Generation of Medaka Transgenic Line
A fosmid clone (GOLWF no 683_j24) including the raldh2 gene, which was identified from the Medaka ensemble database, was used for homologous recombination. The homologous recombination was performed according to a previous report (Nakamura et al., 2008). An EGFP-kanamycin cassette was amplified by using appropriate primers (5′-ATCAACAAAGCCATGACCGTCTCC ACAGCCATGCAGGCCGGCACTGTCTGATGAGCCATATTCAACGG GA-3′ [forward] and 5′-CTGGAAAATACACAGAGCATCGATC ACTCTCGGTCATTAGACTCCTGCTCTTAGAAAAACTCATCGAGCA -3′ [reverse]) and recombined into the exon 1 of the medaka raldh2 gene. The recombined fosmid clone was injected into the cytoplasm of one-cell stage embryos. For establishment of raldh2-GFP transgenic medaka, we used the fertilized eggs from the medaka Cab line.
The fli1-GFP transgenic line was kindly provided by Dr. M. Furutani-Seiki at the University of Bath, UK (Moriyama et al., 2010).

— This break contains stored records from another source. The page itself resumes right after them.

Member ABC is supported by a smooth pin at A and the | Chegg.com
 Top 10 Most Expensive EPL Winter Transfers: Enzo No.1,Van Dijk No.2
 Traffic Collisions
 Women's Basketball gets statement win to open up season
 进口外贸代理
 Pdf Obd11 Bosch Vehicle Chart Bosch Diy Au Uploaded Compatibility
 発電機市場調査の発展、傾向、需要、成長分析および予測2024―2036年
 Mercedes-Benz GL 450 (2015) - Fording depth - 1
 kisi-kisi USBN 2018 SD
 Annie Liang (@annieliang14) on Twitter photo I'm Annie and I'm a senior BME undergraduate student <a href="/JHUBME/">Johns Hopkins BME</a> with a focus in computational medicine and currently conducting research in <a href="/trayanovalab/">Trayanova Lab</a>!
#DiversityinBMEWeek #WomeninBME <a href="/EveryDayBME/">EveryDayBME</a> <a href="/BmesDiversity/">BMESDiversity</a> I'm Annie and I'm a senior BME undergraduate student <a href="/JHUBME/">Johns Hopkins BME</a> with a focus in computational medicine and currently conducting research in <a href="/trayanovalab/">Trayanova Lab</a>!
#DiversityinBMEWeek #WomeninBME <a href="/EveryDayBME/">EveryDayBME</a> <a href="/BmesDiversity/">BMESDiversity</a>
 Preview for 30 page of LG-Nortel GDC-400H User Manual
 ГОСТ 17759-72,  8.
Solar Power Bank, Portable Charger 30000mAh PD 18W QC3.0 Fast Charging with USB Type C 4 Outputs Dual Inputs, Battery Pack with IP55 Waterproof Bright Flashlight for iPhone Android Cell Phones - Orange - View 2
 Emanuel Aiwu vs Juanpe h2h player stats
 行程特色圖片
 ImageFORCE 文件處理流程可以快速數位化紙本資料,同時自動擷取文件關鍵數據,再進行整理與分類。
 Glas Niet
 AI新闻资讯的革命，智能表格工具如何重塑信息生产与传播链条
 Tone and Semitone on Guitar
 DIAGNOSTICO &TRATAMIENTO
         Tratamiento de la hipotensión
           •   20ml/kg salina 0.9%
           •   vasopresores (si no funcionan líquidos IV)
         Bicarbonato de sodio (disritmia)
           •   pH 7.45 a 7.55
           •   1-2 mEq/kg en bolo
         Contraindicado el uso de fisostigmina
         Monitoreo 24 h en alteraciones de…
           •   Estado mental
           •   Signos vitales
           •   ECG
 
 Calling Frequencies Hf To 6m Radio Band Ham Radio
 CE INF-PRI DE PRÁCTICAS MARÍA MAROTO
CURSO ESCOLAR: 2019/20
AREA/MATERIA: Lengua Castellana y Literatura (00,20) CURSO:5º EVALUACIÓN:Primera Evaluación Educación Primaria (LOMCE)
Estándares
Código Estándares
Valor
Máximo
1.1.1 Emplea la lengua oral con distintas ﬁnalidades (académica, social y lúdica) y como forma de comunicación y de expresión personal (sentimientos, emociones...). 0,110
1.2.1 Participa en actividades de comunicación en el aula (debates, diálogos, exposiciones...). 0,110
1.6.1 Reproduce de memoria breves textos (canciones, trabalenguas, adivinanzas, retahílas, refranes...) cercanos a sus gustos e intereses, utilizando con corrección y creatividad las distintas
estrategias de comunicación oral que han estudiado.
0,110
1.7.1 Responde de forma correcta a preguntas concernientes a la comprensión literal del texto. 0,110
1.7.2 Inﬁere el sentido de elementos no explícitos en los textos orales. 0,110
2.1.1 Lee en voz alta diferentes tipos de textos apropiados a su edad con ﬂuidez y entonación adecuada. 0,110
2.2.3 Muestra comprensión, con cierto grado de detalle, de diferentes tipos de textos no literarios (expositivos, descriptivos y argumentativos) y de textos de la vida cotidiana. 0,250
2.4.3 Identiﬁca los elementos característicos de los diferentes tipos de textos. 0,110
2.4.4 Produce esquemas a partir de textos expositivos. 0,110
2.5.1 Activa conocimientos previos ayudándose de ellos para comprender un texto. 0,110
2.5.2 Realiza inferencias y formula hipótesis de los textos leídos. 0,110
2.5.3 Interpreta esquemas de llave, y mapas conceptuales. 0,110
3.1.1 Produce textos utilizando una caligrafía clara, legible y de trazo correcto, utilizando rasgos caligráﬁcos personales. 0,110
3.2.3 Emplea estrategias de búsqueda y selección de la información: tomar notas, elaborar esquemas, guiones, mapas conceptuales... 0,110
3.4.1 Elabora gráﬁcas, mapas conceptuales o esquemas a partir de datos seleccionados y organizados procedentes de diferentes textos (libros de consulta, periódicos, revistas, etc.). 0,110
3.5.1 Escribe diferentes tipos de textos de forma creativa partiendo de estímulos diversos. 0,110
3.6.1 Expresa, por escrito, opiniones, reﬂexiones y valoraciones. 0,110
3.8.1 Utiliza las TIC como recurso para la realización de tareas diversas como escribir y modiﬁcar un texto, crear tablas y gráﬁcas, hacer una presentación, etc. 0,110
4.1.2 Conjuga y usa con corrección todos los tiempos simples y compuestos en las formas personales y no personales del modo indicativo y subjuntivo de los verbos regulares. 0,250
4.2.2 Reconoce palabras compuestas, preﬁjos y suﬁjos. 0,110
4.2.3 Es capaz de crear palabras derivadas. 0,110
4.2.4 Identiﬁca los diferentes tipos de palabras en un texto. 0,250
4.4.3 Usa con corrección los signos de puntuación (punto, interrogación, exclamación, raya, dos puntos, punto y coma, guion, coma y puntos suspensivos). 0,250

Preparation of Rabbit Polyclonal Anti-Periostin Antibody
Polyclonal rabbit anti-medaka periostin-a/periostin-b antibodies were raised by immunization of rabbits with keyhole limpet hemocyanin (KLH)-conjugated peptides DLLDPNEKLKLAENEN (representing amino acids 143–158 of medaka periostin-a) and ELLDEDVRNALVSNVN (representing amino acids 141–156 of medaka periostin-b). The antibodies were affinity purified with a minicolumn of HiTrap Protein G HP (GE Healthcare Biosciences, Waukesha, WI). Polyclonal rabbit anti-zebrafish periostin-a antibodies were raised by immunization of rabbits with KLH-conjugated peptide EELDPASKAAVISRGN (representing amino acids 143–158 of zebrafish periostin-a) and affinity purified by using a minicolumn of HiTrap NHS-activated HP (GE Healthcare Bio-sciences). The anti-zebrafish periostin polyclonal antibodies previously reported (Kudo et al., 2004) were used as anti-zebrafish periostin-b antibodies.
Cloning of the Medaka Periostin Gene
As a template for cloning PCR, a mixed cDNA synthesized by RNA from whole ventricle was used. RNA extraction was performed by using ISOGEN (NIPPON GENE), and the cDNA synthesis was carried out with a PrimeScript®II 1st strand cDNA synthesis Kit (Takara, Shiga, Japan). PCR products were cloned into pCR®4-TOPO vector and sequenced.
Specific primers designed for medaka periostin cloning were as follow: 5'-GCAGAGTGTGTTAGTGACCTT-3' (forward) and 5'-TACCATGCACTTTGTCTACAG-3' (reverse) for periostin-a; 5'-CTCTGGAACTGGAAAGGCTTG-3' (forward) and 5'-AGCAGGTAGCATGCAGTGAAG-3' (reverse) for periostin-b.
Protein sequence alignment was performed by using GENETYX software ver.10 (GENETYX).
We thank Masanobu Nishidate for initiating the studies on medaka periostin. This work was supported by grants-in-aid for scientific research from the Japan Ministry of Education, Culture, Sports, and Technology of Japan.